▶ [EXERCISE MATERIALS]:
________________________

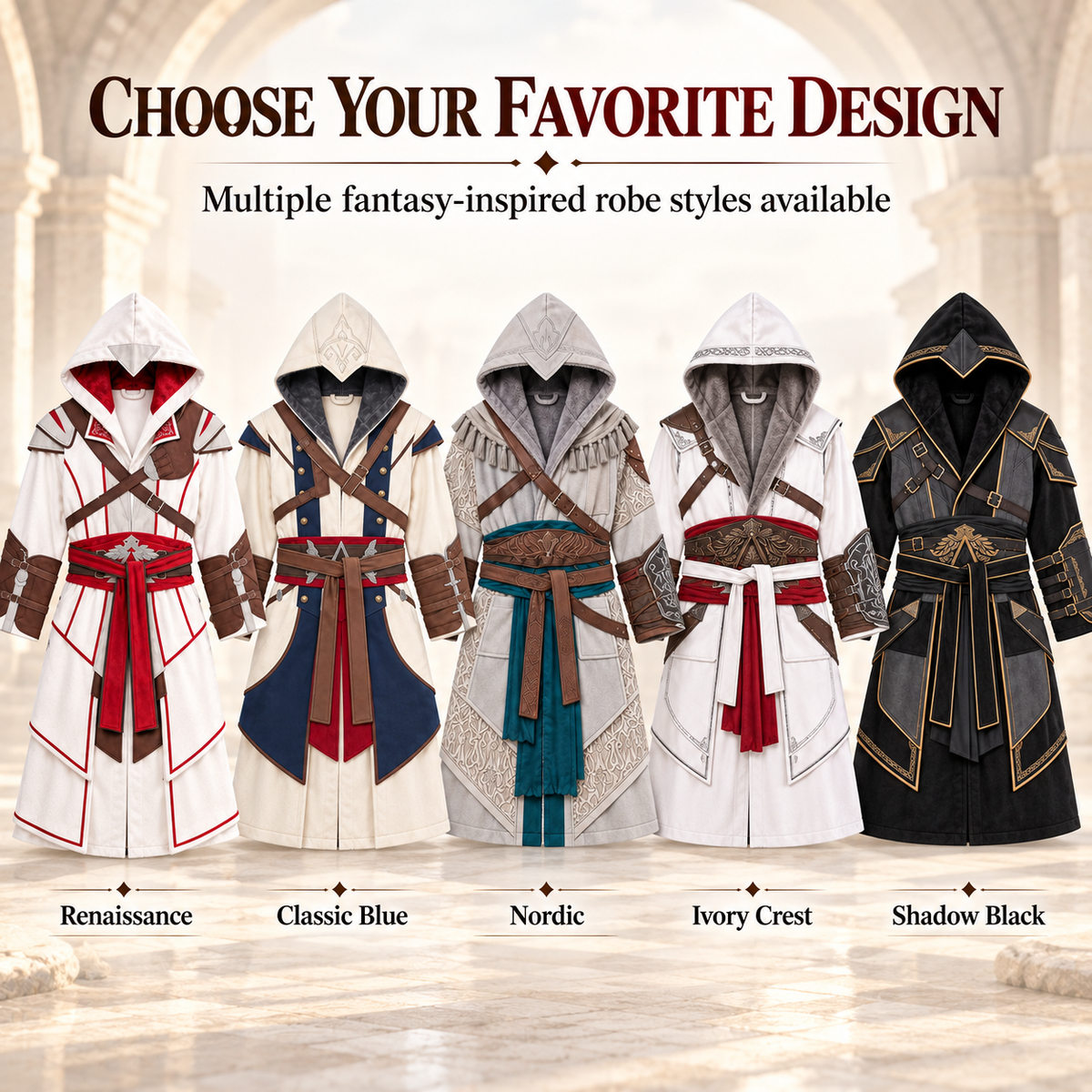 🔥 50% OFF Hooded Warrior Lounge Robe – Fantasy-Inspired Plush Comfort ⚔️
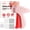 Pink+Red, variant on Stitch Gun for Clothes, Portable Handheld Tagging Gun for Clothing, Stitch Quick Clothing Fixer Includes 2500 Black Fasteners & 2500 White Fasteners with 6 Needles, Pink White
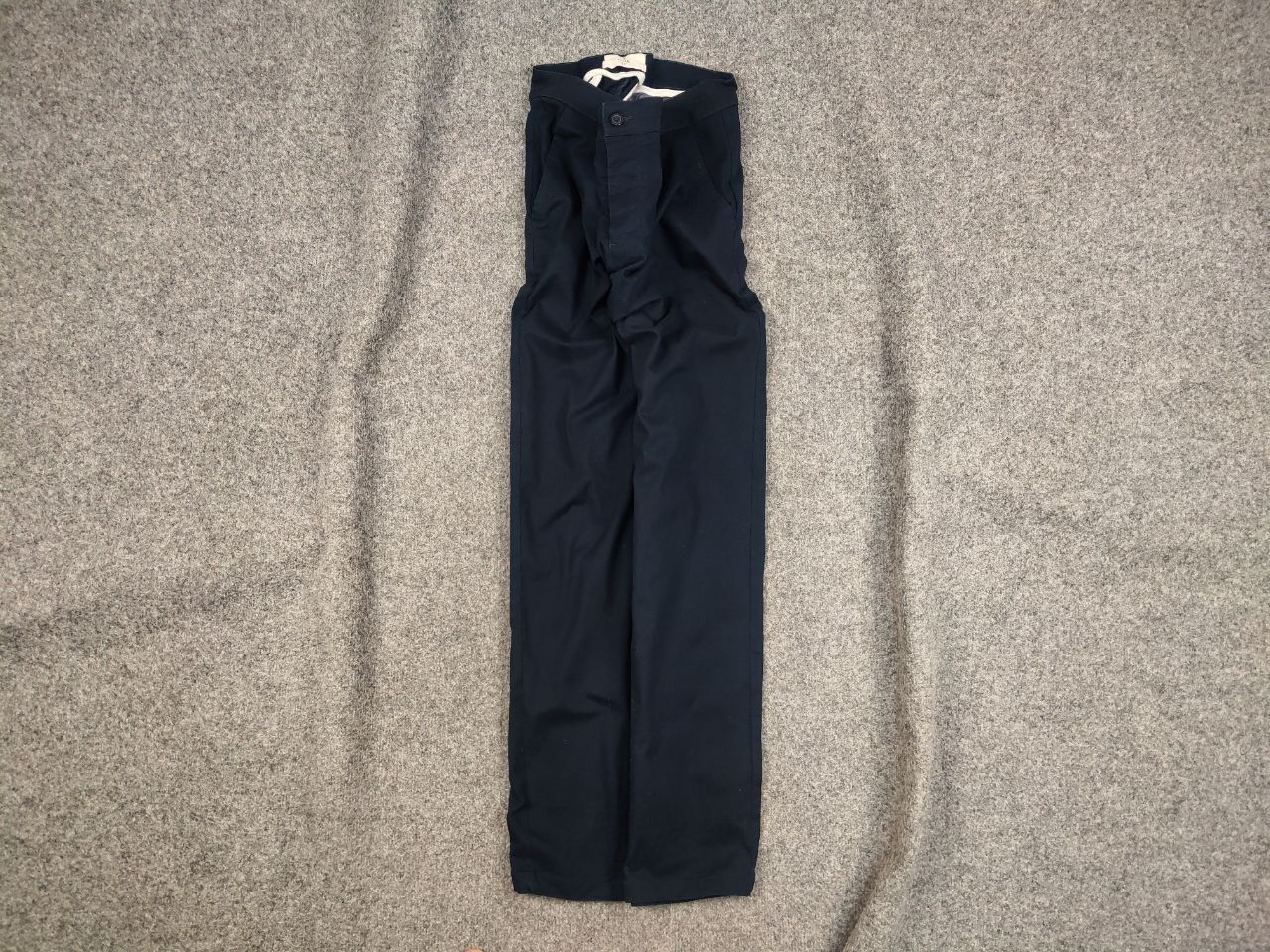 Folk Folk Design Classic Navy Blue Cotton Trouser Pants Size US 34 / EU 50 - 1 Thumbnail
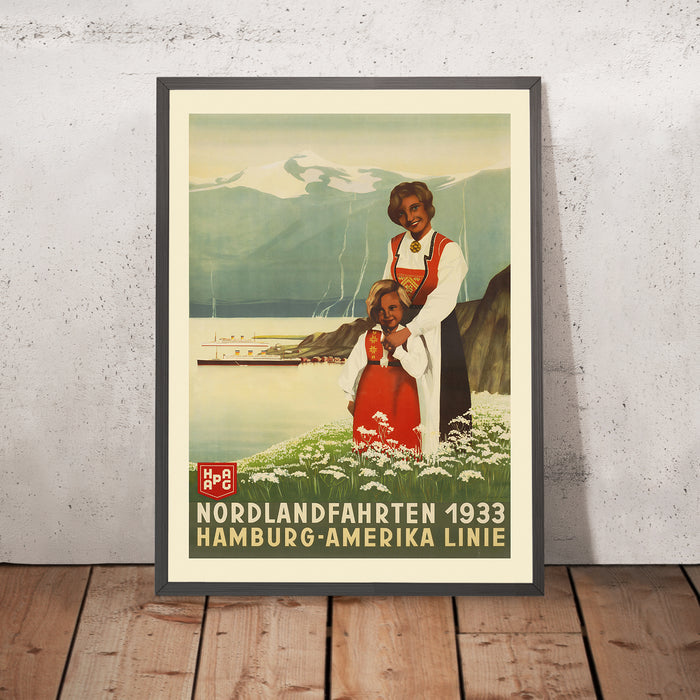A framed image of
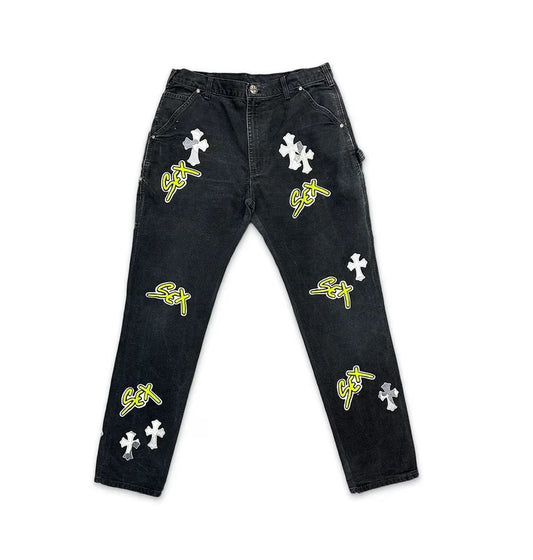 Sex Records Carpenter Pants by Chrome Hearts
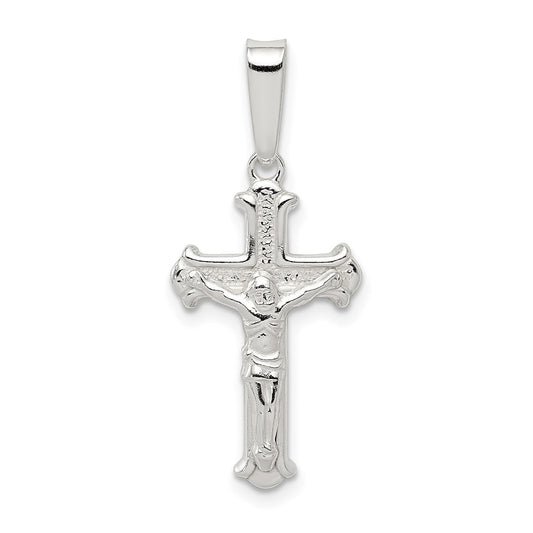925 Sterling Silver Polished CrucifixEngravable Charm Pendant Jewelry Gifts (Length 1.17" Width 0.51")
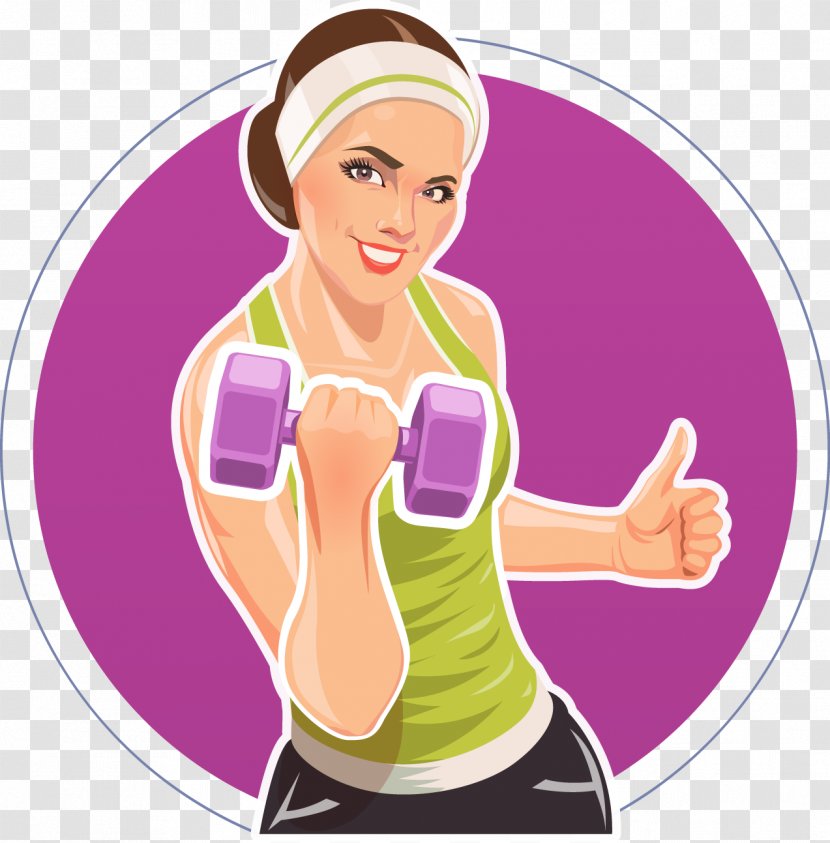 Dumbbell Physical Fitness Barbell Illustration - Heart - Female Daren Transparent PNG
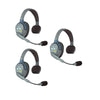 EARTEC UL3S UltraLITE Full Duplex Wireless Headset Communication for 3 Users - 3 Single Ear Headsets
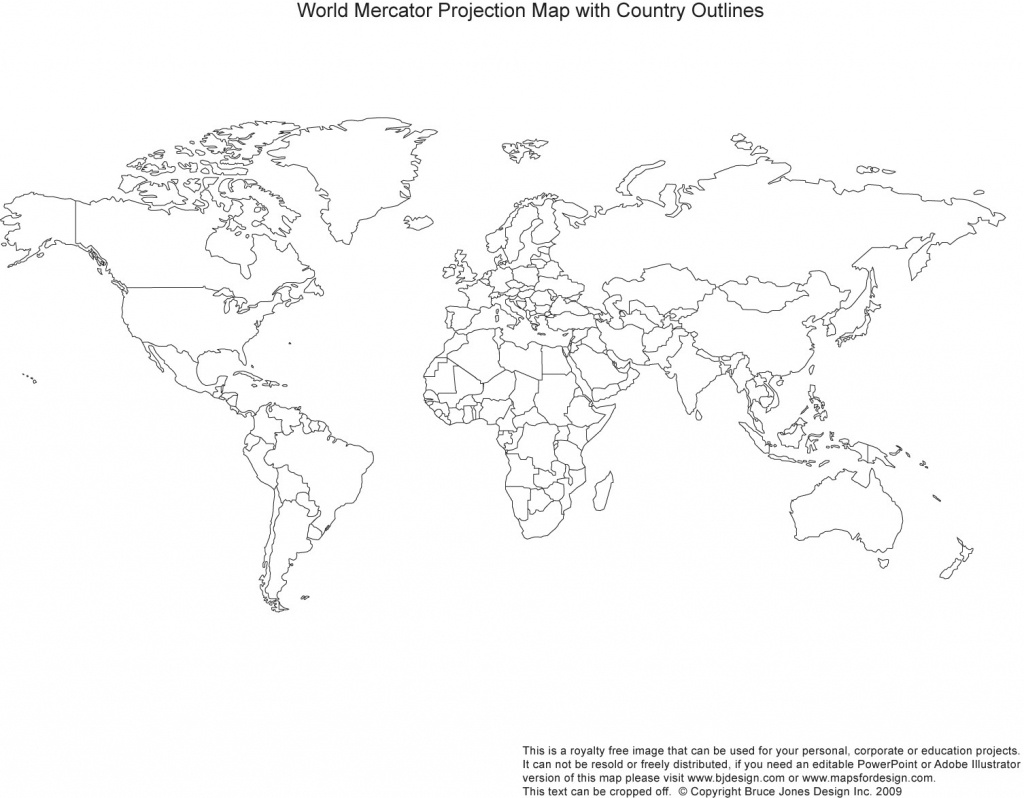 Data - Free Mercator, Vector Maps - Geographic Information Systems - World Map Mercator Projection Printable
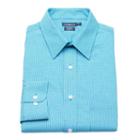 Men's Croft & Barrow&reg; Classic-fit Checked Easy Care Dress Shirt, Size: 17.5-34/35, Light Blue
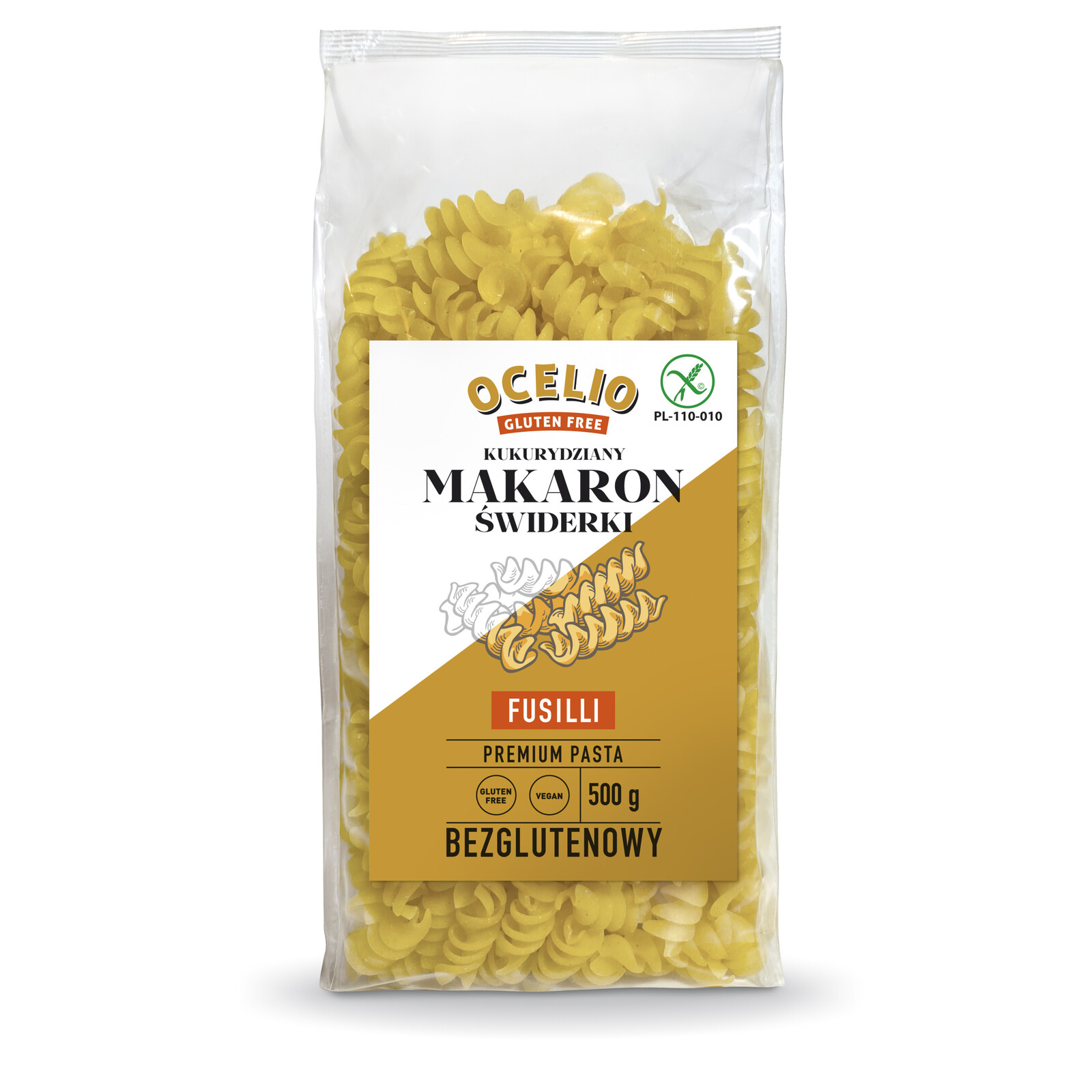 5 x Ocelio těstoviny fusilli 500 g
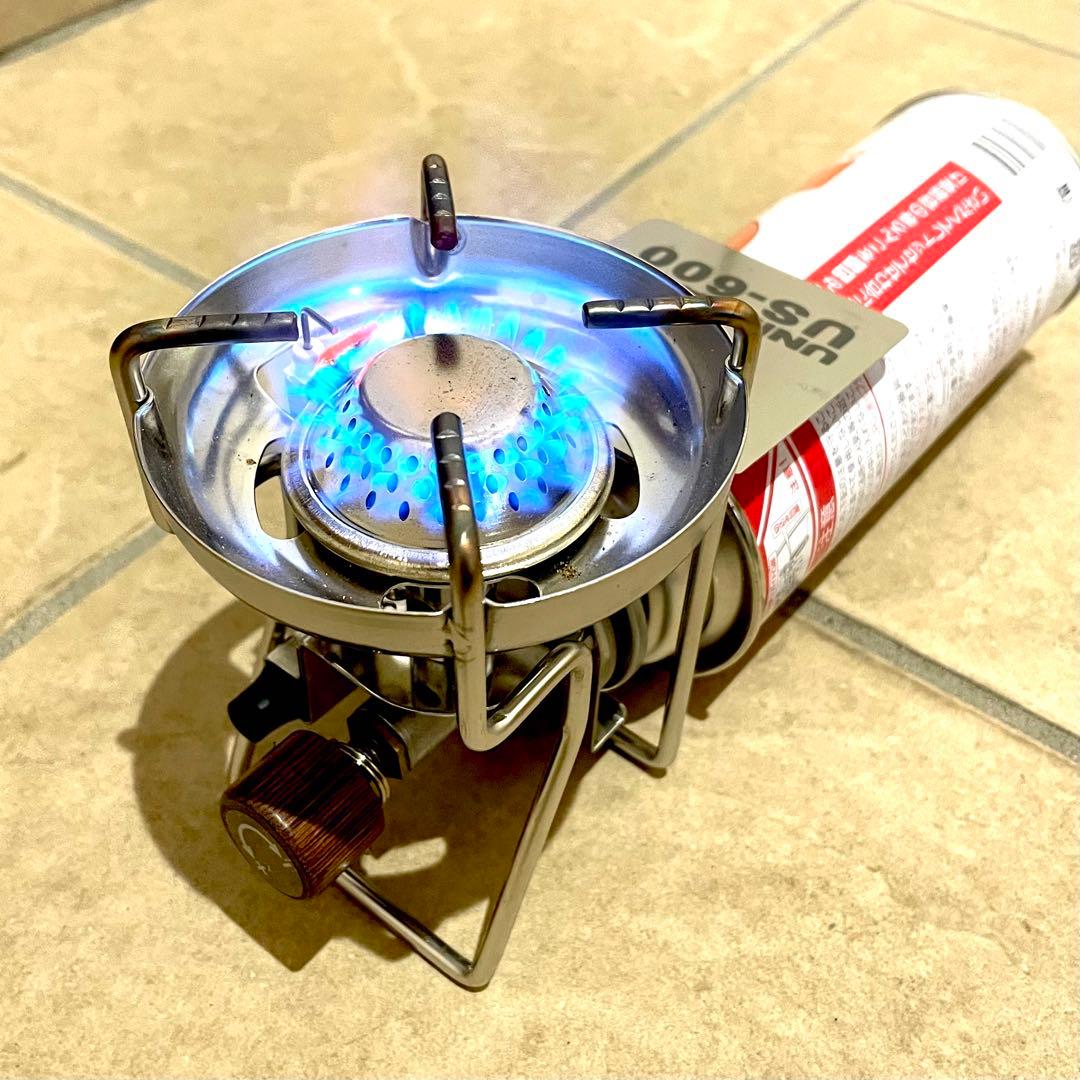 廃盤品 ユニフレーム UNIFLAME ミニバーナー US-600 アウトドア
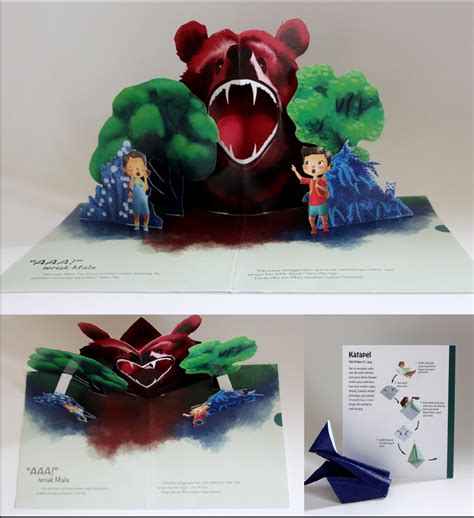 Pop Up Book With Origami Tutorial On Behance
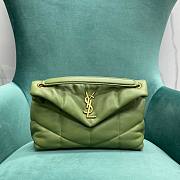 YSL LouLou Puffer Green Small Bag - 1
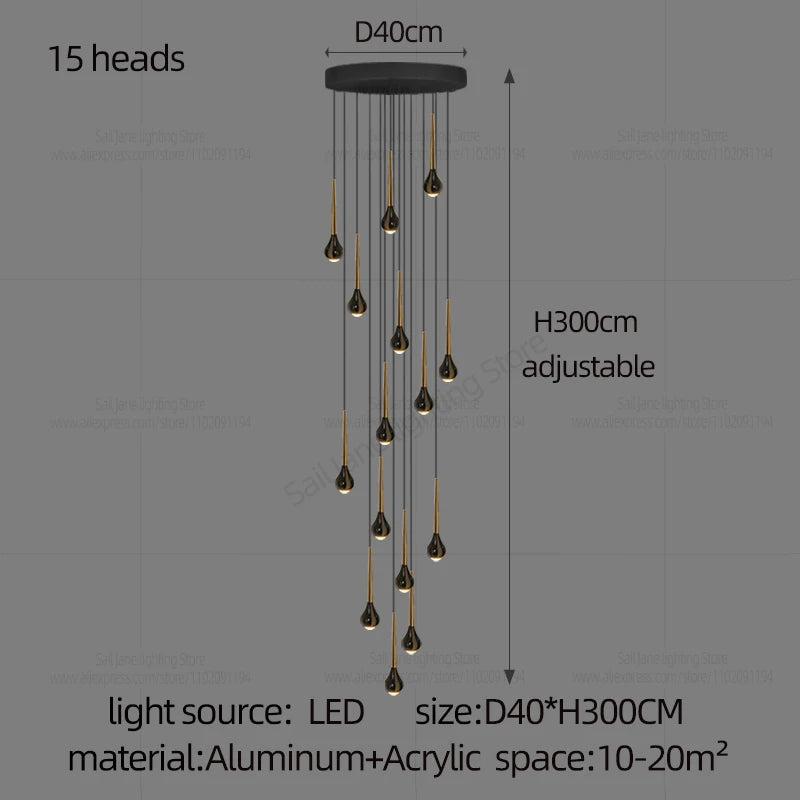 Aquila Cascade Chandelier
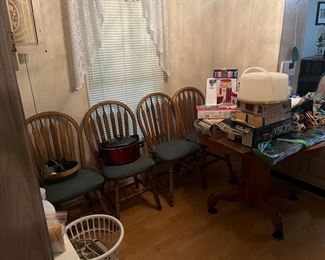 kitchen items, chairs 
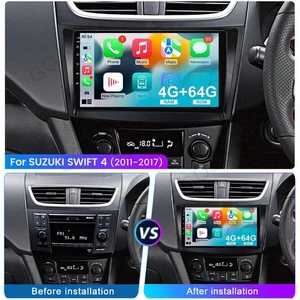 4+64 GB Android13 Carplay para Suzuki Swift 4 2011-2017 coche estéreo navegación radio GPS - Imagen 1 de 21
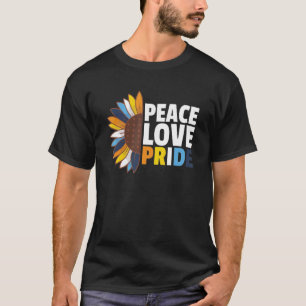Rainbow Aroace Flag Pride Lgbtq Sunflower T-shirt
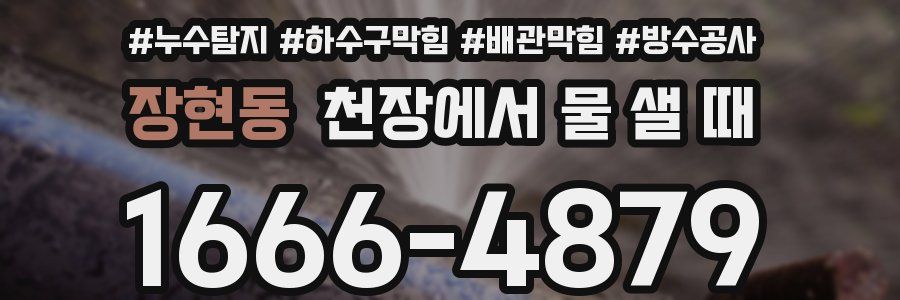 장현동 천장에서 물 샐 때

________________________

▶ [WHAT THIS TASK INVOLVES]:
Once the pictures are set aside, please reproduce the remaining material word for word.

▶ [OUTPUT FOR THIS EXERCISE]:
 🔥 50% OFF Hooded Warrior Lounge Robe – Fantasy-Inspired Plush Comfort ⚔️
 Pink+Red, variant on Stitch Gun for Clothes, Portable Handheld Tagging Gun for Clothing, Stitch Quick Clothing Fixer Includes 2500 Black Fasteners & 2500 White Fasteners with 6 Needles, Pink White
 Folk Folk Design Classic Navy Blue Cotton Trouser Pants Size US 34 / EU 50 - 1 Thumbnail
A framed image of
 Sex Records Carpenter Pants by Chrome Hearts
925 Sterling Silver Polished CrucifixEngravable Charm Pendant Jewelry Gifts (Length 1.17" Width 0.51")
 Dumbbell Physical Fitness Barbell Illustration - Heart - Female Daren Transparent PNG
 EARTEC UL3S UltraLITE Full Duplex Wireless Headset Communication for 3 Users - 3 Single Ear Headsets
 Data - Free Mercator, Vector Maps - Geographic Information Systems - World Map Mercator Projection Printable
 Men's Croft & Barrow&reg; Classic-fit Checked Easy Care Dress Shirt, Size: 17.5-34/35, Light Blue
 5 x Ocelio těstoviny fusilli 500 g
 廃盤品 ユニフレーム UNIFLAME ミニバーナー US-600 アウトドア
 Pop Up Book With Origami Tutorial On Behance
 YSL LouLou Puffer Green Small Bag - 1
 Aquila Cascade Chandelier
 kitchen items, chairs 
 4+64 GB Android13 Carplay para Suzuki Swift 4 2011-2017 coche estéreo navegación radio GPS - Imagen 1 de 21
Rainbow Aroace Flag Pride Lgbtq Sunflower T-shirt
 장현동 천장에서 물 샐 때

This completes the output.